Digital signatures are valid substitutes to traditional inked signatures in many countries. Digital signatures, like inked signatures, may be used as evidence to show that a particular body of data was signed.
Generally, an individual may digitally sign data with an identifier that uniquely identifies that individual. Some identifiers, for example, include a cryptographic private key associated with a public certificate issued by a trusted certification authority to an individual. A unique identifier used to digitally sign data may later be used as evidence that this particular individual signed the data and that the data has not been tampered with since being signed. To help keep this identifier secure, many people store it on their local computer or on an external device, such as in a machine-readable card.
To sign data when software enabling the signature is not accessible locally, however, an individual's unique identifier may have to be accessed by a remote computer. But making a unique identifier remotely accessible, whether by storing the unique identifier remotely, sending it across a network, or otherwise, may compromise its security.
For example, data of network-accessed electronic documents, often called “network forms,” is primarily processed by network computers rather than individuals' local computers. Thus, data for network forms is often handled remotely by the network form's computer server. By so doing, the network form's computer server may perform many operations, thereby saving the individual's computer from having to do them. For instance, often the network form's computer server calculates a transform of the data to create rendering information, such as in Hyper Text Markup Language (HTML). The server then sends this information to the individual's network browser. The network browser interprets this information to render a view of the electronic document's data to the individual. The individual may then make edits through the view.
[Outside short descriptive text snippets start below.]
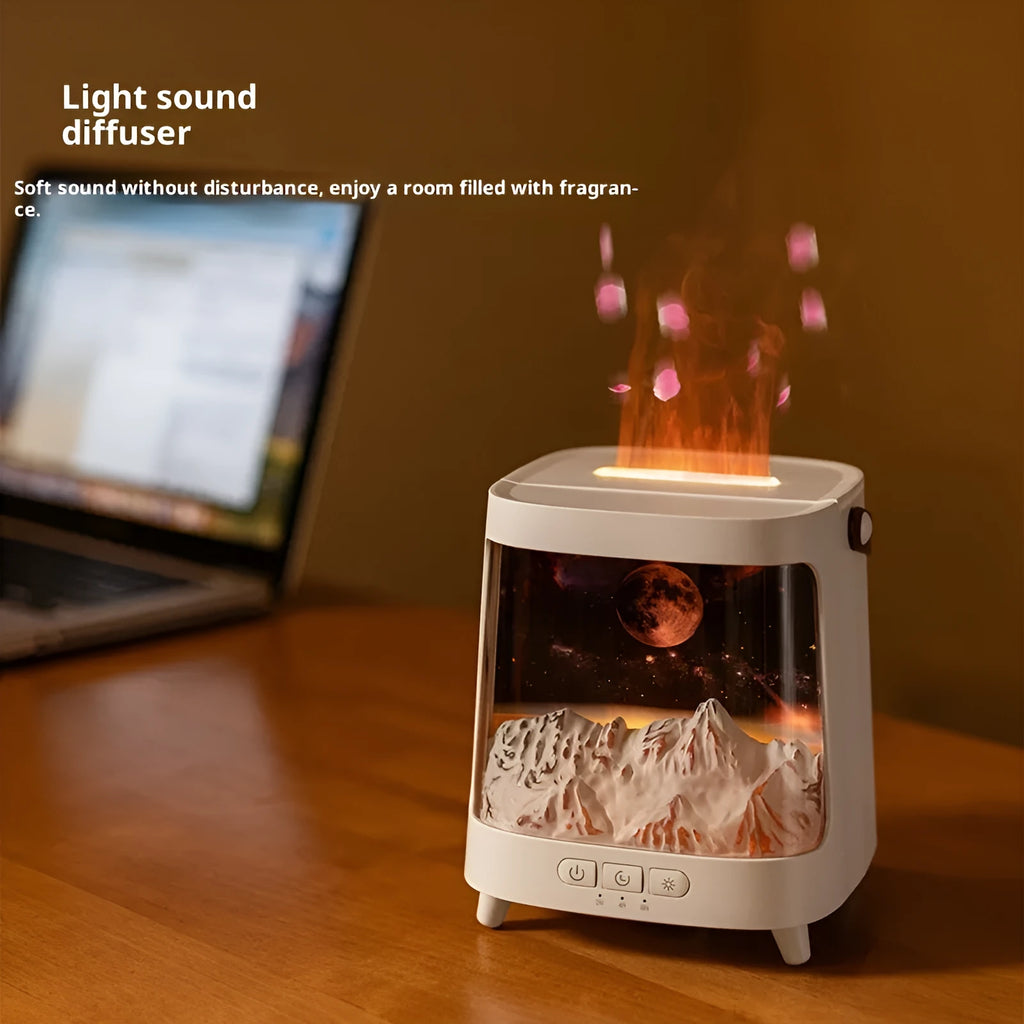 3D starry sky flame aromatherapy humidifier desktop home humidifier 200ml black galaxy style compact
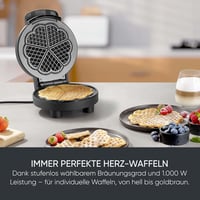 SEVERIN szív alakú gofrisütő PFAS-mentes bevonattal, 1000W, fekete/rozsdamentes acél 3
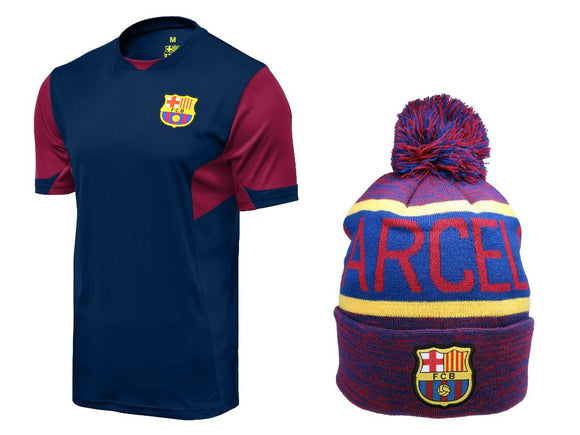 Icon Sports Men FC Barcelona Official Soccer Jersey and Beanie Combo 37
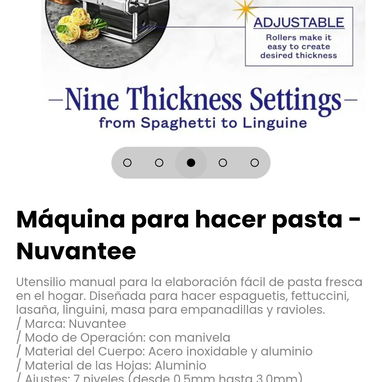 Máquina para hacer pasta - Nuvantee. Diseñada para hacer espaguetis, fettuccini, lasaña, linguini, masa para empanadilla - 3/5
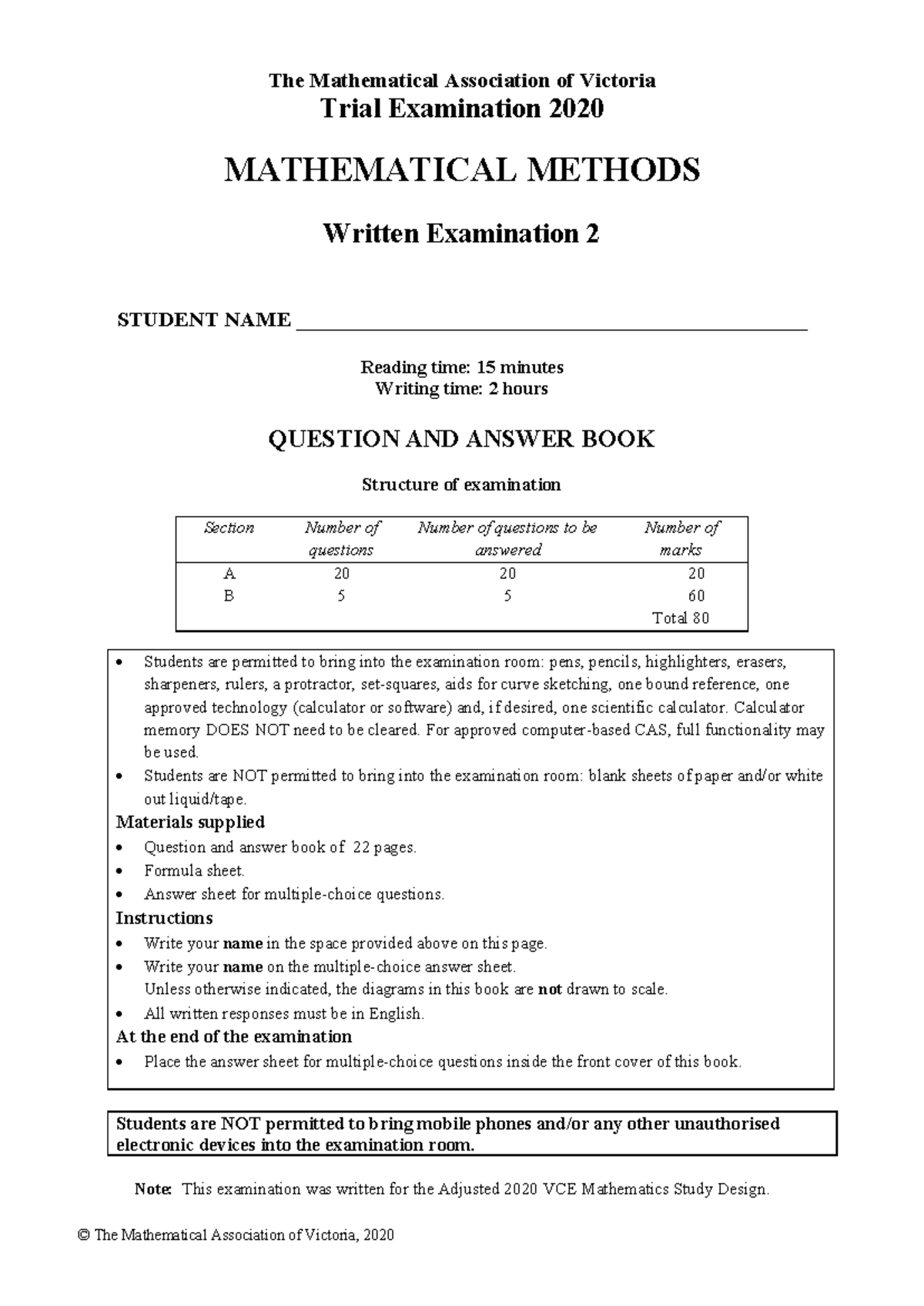 MATHEMATICAL METHODS (MMAT2020) - Trial Exam 2 Practice Questions - Studocu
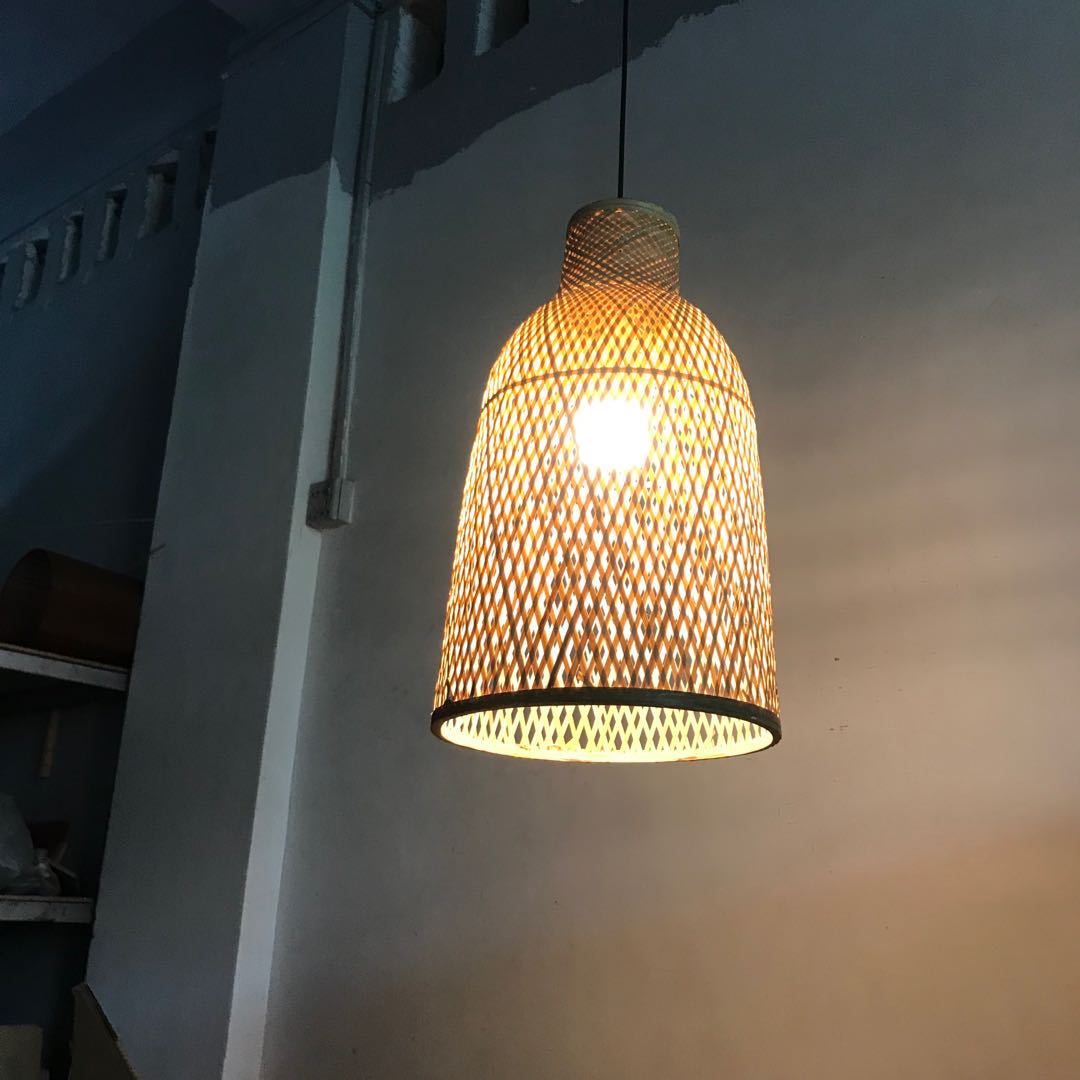 日式竹编灯笼竹子灯罩复古民宿竹篾酒杯装饰吊灯农家乐复古吊灯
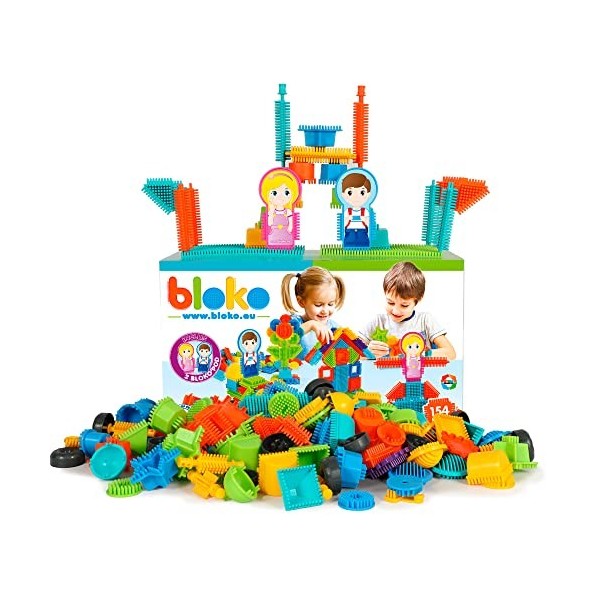 BLOKO – Coffret de 150 avec 2 Plaques de Jeu et 2 Figurines Famille – Dès 12 Mois – Fabriqué en Europe – Jouet de Constructio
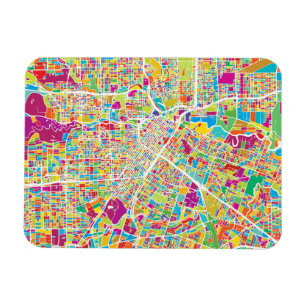 Íman Mapa de néon de Houston, Texas  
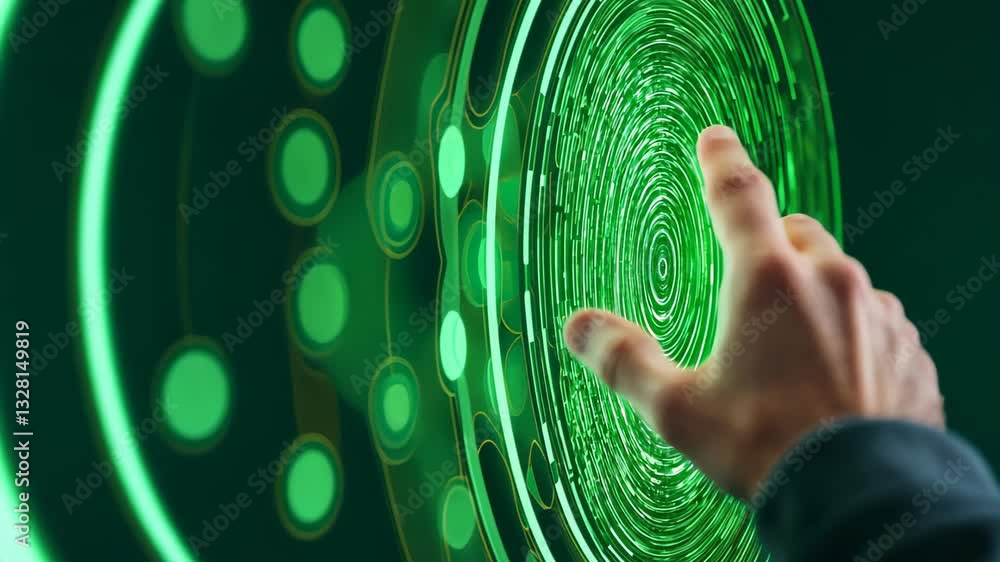 Poster hand reaching towards green digital screen creating puzzle-like effect in modern atelier setting wit
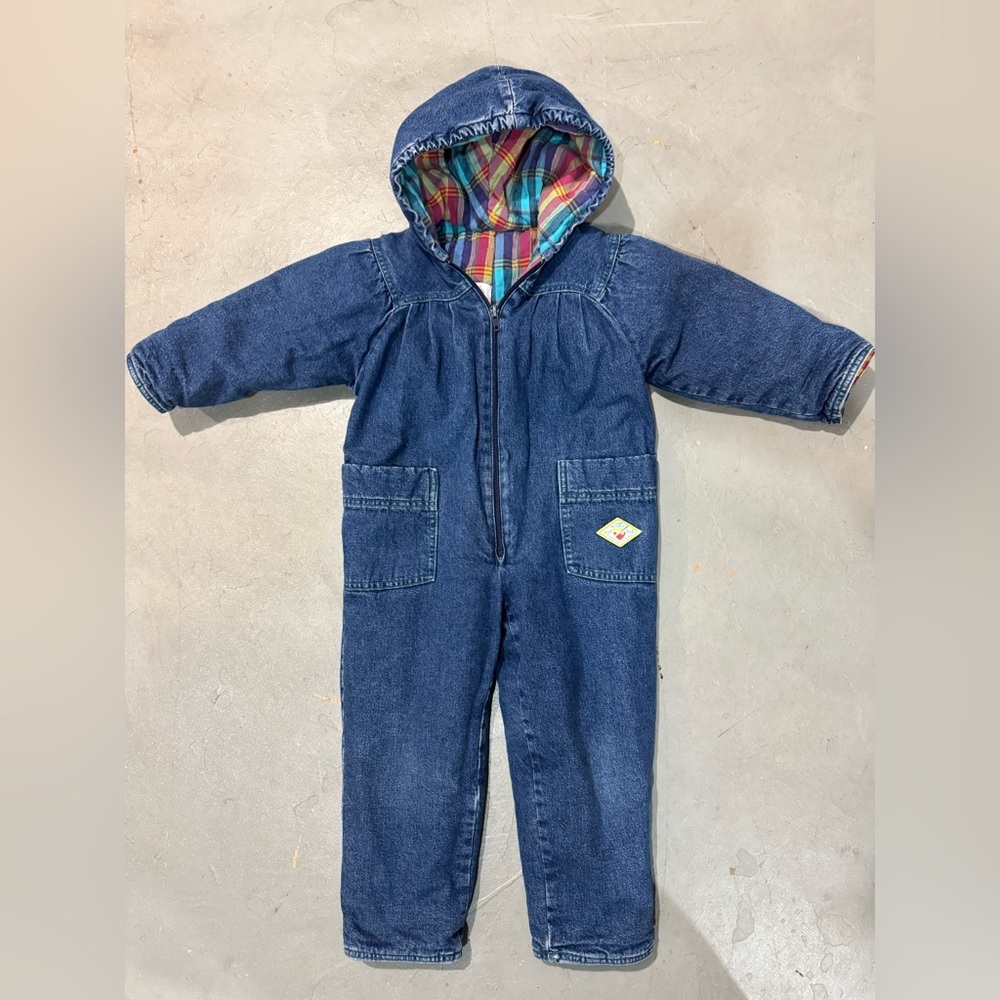 Vintage Jeanne Bourget Kids Denim Snowsuit 3a  Made In France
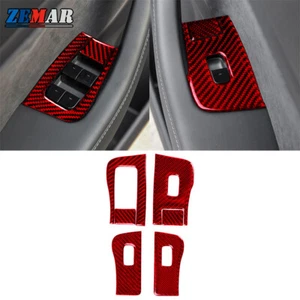 Pegatina de cubierta de interruptor de elevación de ventana de fibra de carbono roja para Tesla modelo 3 Y 2017-2022 - Imagen 1 de 15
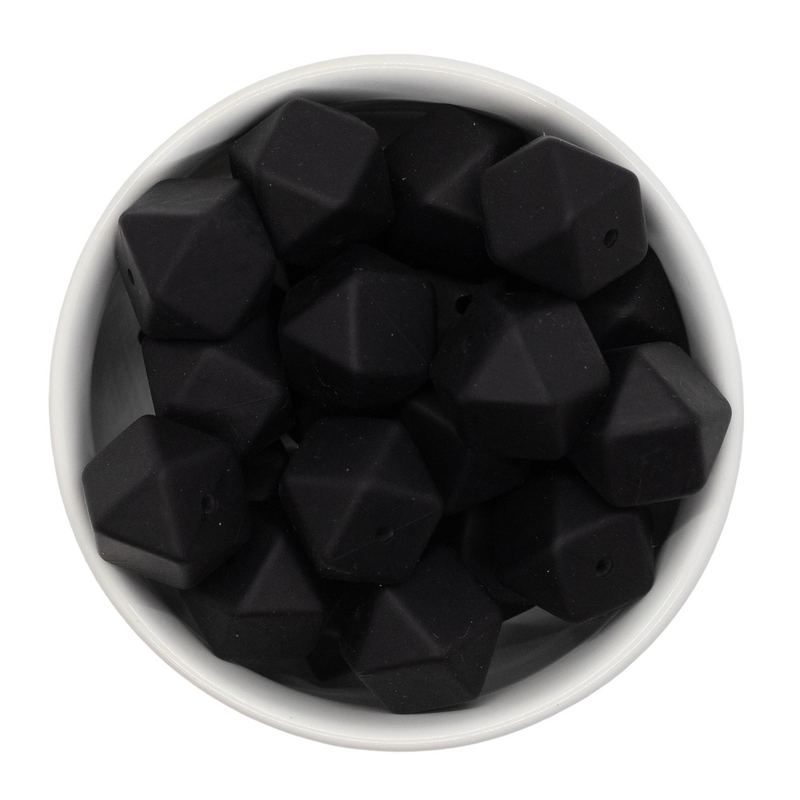 Black Hexagon Silicone Beads 17mm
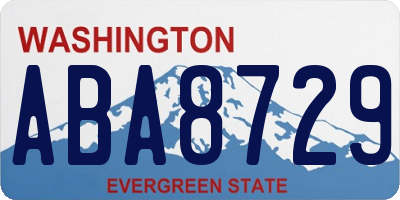 WA license plate ABA8729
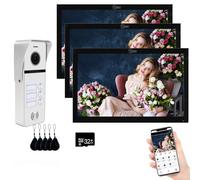 Tuya Sonnette vidéo d'appartement filaire 3 unités 25,4 cm Système de sonnette vidéo avec moniteur tactile, kit de téléphone vidéo WiFi, surveillance, déverrouillage de carte IC, détection de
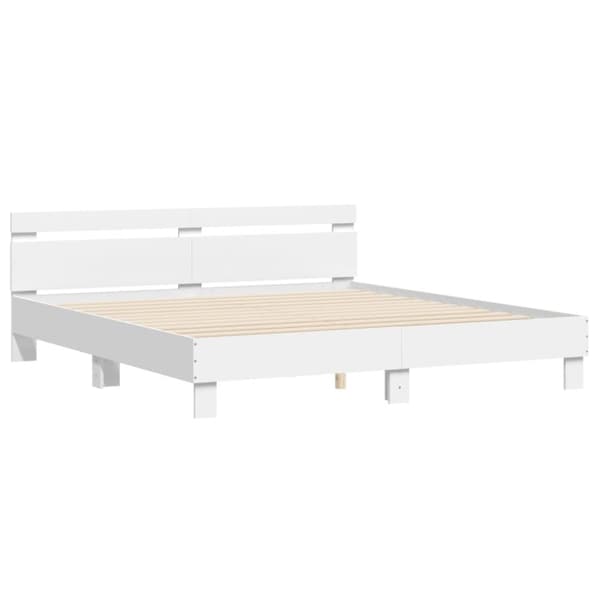 vidaXL sengeramme med sengegavl 160x200 cm konstrueret træ hvid - Senge & sengeramme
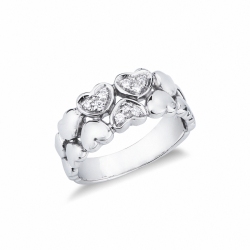 Bandring mit Herzen aus Diamanten
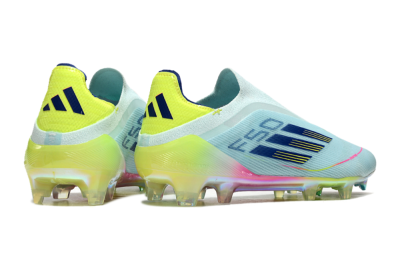 Adidas F50 Elite Laceless FG Low-Tops Football Boots - Jade/Blue/Yellow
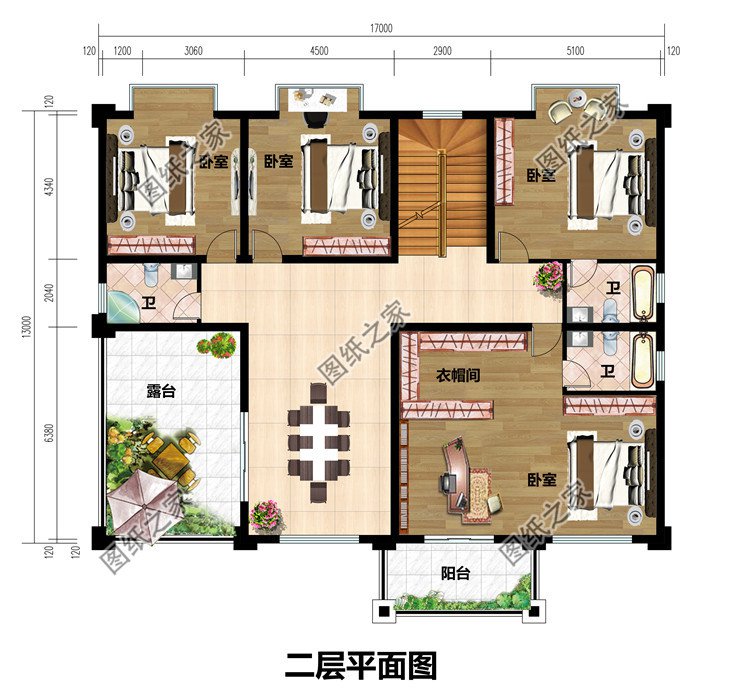 农村带车库两层欧式农村别墅设计图纸，占地220平方米左右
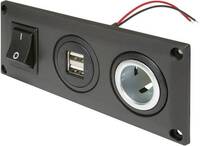 ProCar Beépített aljzat USB-A dupla aljzattal, kapcsolható + 1 tápcsatlakozóval Terhelhetőség max.=20 A 12 V, 24 V
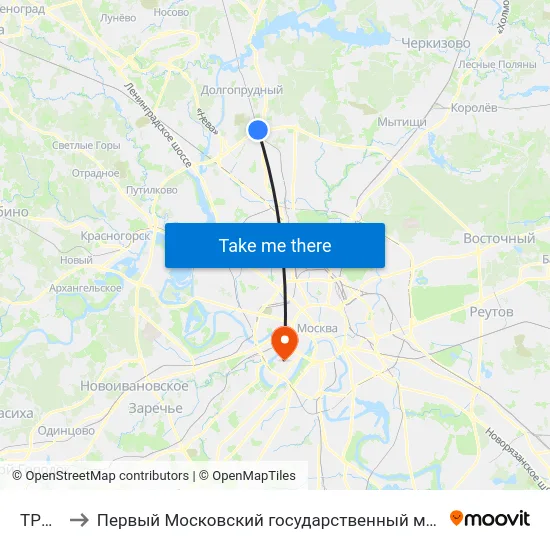 ТРЦ "РИО" to Первый Московский государственный медицинский университет им. И. М. Сеченова map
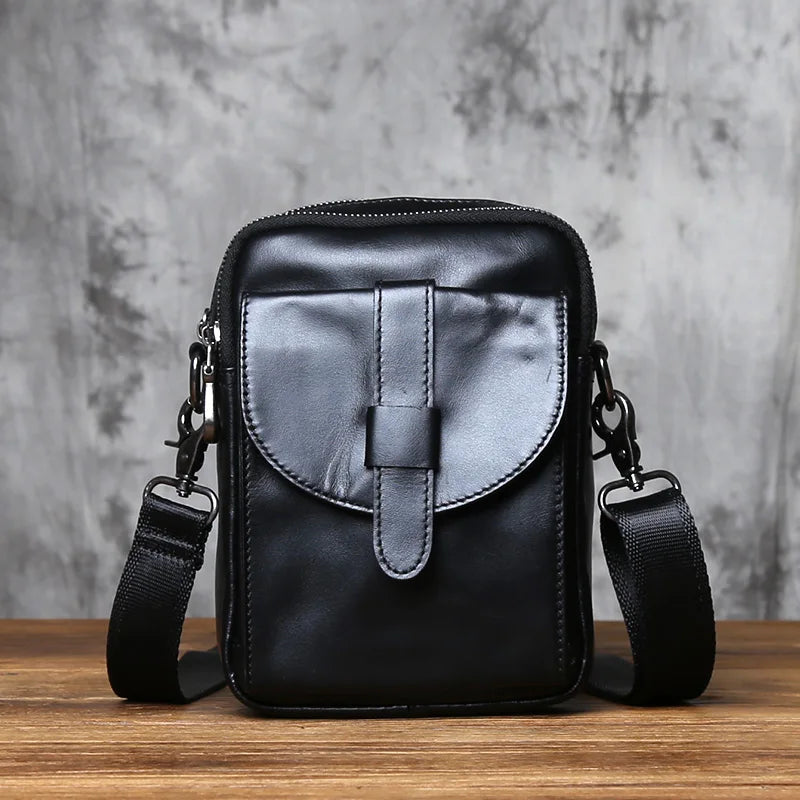 NZPJ Vintage Genuine Leather Men's Shoulder Bag Natural Cowhide Crossbody Bag Casual Small Backpack Suitable for 8-inch iPad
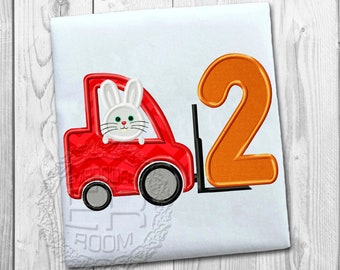 Second birthday Loader Applique Embroidery Designs, Bunny Applique Embroidery Designs, Second birthday, Machine Embroidery, Instant Download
Conversely, the data itself—as opposed to rendering information based on it—is often not sent to or operated on by an individual's local computer because doing so causes various problems. To enable the individual's local computer to perform operations often done by the network form's computer server, the individual's computer often needs specialized software utilities. But having and downloading this software may have significant drawbacks, such as a local computer not having proper hardware requirements to use the software, a user not having training needed to properly use the software, and limitations to the network form caused by the software utilities being performed locally. Also, sending the software to the individual's computer may drain the resources of the network computer or cause substantial delays for the individual due to its large size relative to the rendering information.
Many network forms therefore, require that an individual's unique identifier be accessed by a remote computer for the individual to sign the network form. This access may compromise the security of the individual's unique identifier.